オレの他、誰にも聞こえない様な微かな声。返事をする事は出来なかった。握りしめた手を身体の横に戻すと、阿部くんは踵を返してドアへと向かう。そして今度こそ、振り返る事なく出て行った。温まりかけていたオレの胸の奥に、つきりと冷たいモノが突き刺さる。

―――痛い。

針のように細く鋭いそれを、『罪悪感』という名前で済ます事は出来なかった。ゆるゆると手を持ち上げて、オレは自分の額に触れる。もう少しで、阿部くんが触れてくれたはずなのに―――あの優しい手で。





「お、オレ、触って欲しかった、んだ」


唐突に判った気がした。
少し汗ばんだ感触と、浮かんだ想いに心臓が早鐘を打ち始める。阿部くん、と心の中で呼びかけた。オレは、さっき、阿部くんに触れてもらいたかったんだ。訳の判らない不安に縛り付けられていた感情が、ほどけるように流れ出す。


「おーい、もう行くぞー」
「三橋―っ」
「あ、う、うん」
オレも行く、と返事をしかけて、オレは立ち止まった。側にいた栄口くんが、不思議そうな顔でオレを見る。
「三橋、どうした?なんか忘れ物でも思い出した?」
「お、オレっ、やっぱり、コンビニ行かないっ!」
「え!?」
「おい、三橋!本当にどうしたんだよ?」
すごく驚いた様な栄口くんの顔、その向こうで泉くんや田島くんも振り返ってオレを見ている。

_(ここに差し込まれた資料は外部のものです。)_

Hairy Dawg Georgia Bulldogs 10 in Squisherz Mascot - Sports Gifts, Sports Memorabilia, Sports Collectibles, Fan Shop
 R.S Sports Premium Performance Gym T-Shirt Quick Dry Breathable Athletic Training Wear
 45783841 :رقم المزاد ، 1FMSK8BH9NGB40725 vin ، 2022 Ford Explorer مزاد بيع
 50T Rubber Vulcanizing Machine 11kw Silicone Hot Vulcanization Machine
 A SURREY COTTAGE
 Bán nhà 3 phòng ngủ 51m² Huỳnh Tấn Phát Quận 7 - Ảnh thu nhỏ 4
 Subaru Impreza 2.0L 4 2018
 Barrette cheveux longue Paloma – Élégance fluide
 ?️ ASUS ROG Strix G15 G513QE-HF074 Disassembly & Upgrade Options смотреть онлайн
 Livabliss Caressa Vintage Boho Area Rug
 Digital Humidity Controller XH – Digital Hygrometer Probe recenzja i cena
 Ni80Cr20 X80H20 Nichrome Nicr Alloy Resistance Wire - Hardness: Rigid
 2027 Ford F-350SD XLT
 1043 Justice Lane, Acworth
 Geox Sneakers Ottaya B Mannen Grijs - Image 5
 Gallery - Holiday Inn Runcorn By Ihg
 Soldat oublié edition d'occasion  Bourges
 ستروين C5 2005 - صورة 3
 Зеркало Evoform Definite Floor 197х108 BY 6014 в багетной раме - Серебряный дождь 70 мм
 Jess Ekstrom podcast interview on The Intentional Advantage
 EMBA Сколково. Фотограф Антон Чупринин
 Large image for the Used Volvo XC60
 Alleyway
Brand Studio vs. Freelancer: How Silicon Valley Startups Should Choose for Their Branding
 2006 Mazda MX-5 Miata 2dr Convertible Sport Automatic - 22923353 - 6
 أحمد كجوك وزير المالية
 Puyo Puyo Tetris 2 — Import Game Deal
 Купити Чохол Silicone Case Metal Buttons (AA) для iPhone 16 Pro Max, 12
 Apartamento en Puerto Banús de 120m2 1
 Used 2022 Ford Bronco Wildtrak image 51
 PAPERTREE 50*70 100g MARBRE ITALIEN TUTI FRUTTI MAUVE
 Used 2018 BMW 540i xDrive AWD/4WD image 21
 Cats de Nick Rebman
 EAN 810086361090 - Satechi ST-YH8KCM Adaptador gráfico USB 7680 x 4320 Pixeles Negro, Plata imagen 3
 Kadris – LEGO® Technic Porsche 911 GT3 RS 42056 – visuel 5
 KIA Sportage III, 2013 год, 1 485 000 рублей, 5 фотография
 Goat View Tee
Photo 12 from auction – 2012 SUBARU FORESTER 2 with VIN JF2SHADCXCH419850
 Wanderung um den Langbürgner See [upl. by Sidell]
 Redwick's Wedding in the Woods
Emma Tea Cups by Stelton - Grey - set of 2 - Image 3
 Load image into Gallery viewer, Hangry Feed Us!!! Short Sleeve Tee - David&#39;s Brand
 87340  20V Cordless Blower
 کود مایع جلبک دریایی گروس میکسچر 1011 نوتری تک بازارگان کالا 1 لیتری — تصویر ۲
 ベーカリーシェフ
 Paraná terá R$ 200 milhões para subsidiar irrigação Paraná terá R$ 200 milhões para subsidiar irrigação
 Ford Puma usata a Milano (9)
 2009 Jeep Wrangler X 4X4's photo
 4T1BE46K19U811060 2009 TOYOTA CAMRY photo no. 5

「オレ、用事、思い出したんだ。す、すぐに、行かなきゃいけない、んだ」

みんなの反応を確認している余裕なんてなかった。一分でも一秒でも早く、あの背中を追いかけたかったから。床に置いていた荷物を掴むと、オレは開け放しになっていたドアから飛び出した。すれ違いざまにオレの名前を呼ぶ声が聞こえたけど、振り返らない。途中、うっかり駐輪場の脇を抜けそうになって駆け戻る。鍵を外す時間すらもどかしいのに、手がみっともないくらいに震えて、いつもより時間がかかってしまった。


「阿部くん―――」



漸く自転車に跨ると、オレはひたすらに前を向いて走る。少しでも早く、君に会いたいと思った。